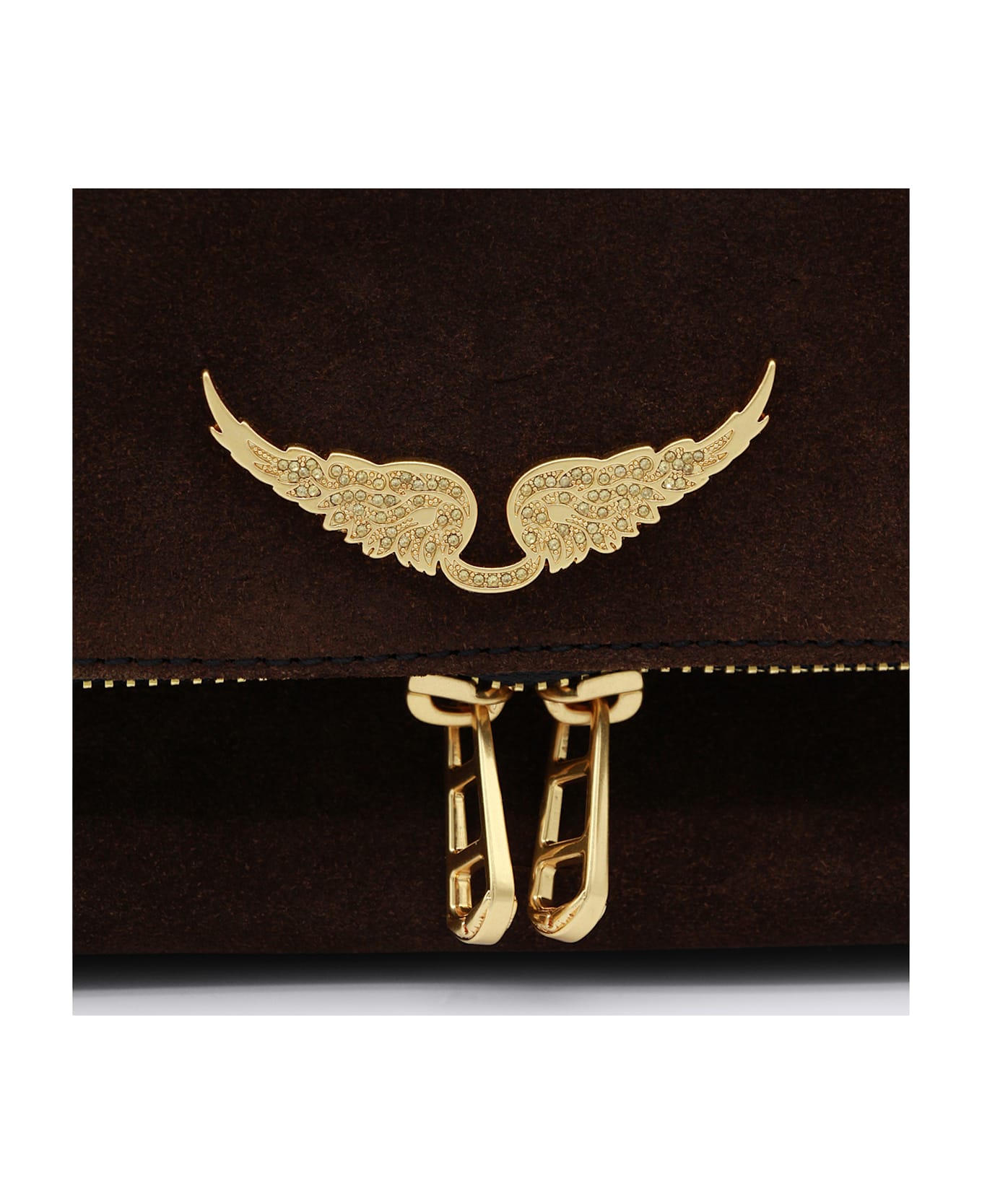 Zadig & Voltaire Wood Leather Rock Ii Suede Shoulder Bag - Brown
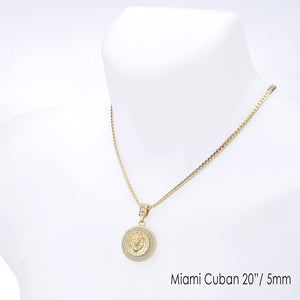 Lion Medallion Pendant 20" Miami Cuban Chain Necklace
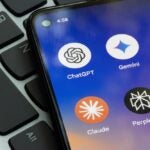 ChatGPT, Gemini, Microsoft Copilot, Claude, and Perplexity app icons are seen on a Google Pixel smartphone. AI competition concepts.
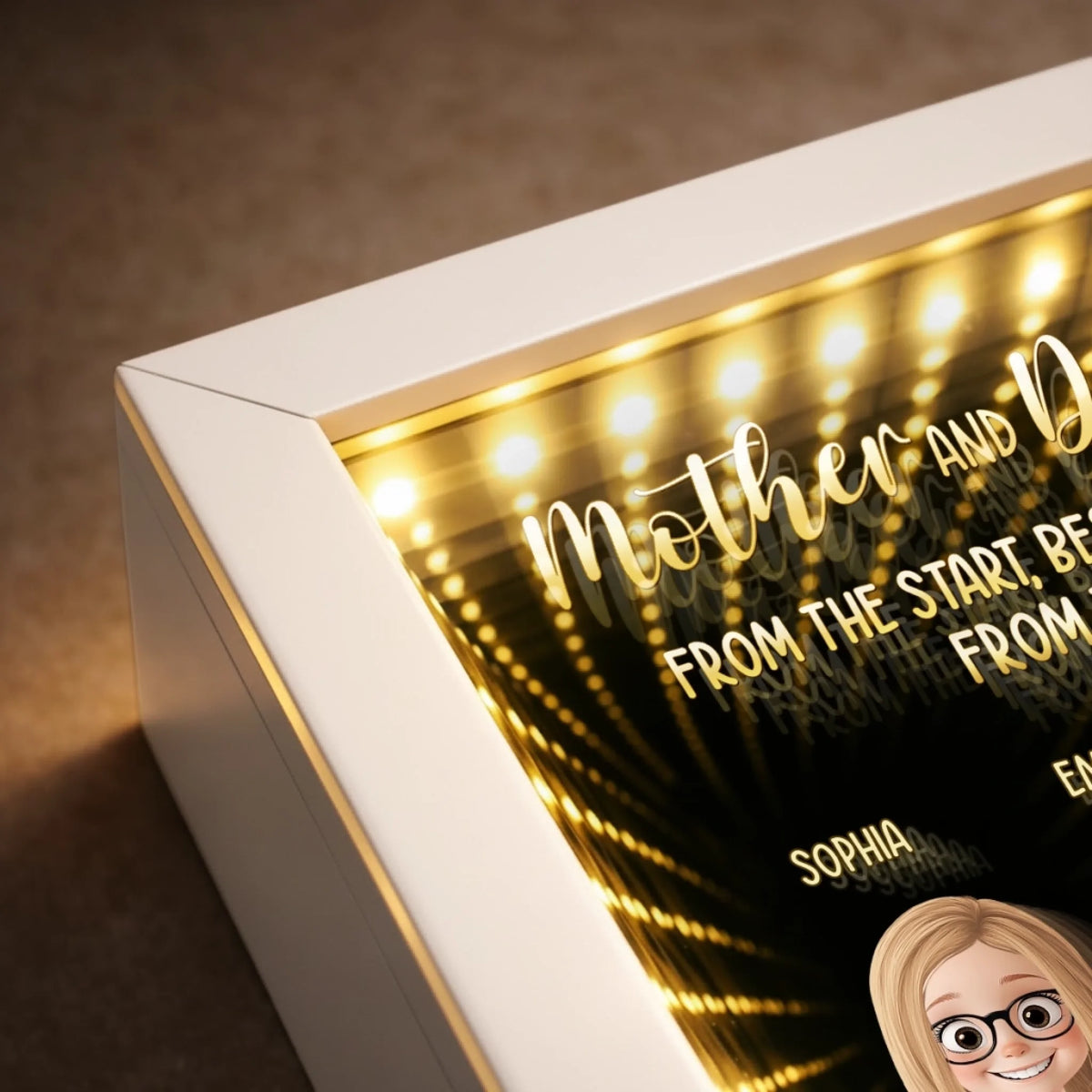 Custom Infinity Mirror Light Box - Personalized Mother's Day Birthday Gifts For Mom - Daughters Today, Besties Always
#####
In the copy, include no pictures, but repeat the listing exactly.

→ **TASK SOLUTION**:
 Zadig & Voltaire Wood Leather Rock Ii Suede Shoulder Bag - Brown
 Lion Medallion Pendant 20" Miami Cuban Chain Necklace
 ChatGPT, Gemini, Microsoft Copilot, Claude, and Perplexity app icons are seen on a Google Pixel smartphone. AI competition concepts.
 Custom Infinity Mirror Light Box - Personalized Mother's Day Birthday Gifts For Mom - Daughters Today, Besties Always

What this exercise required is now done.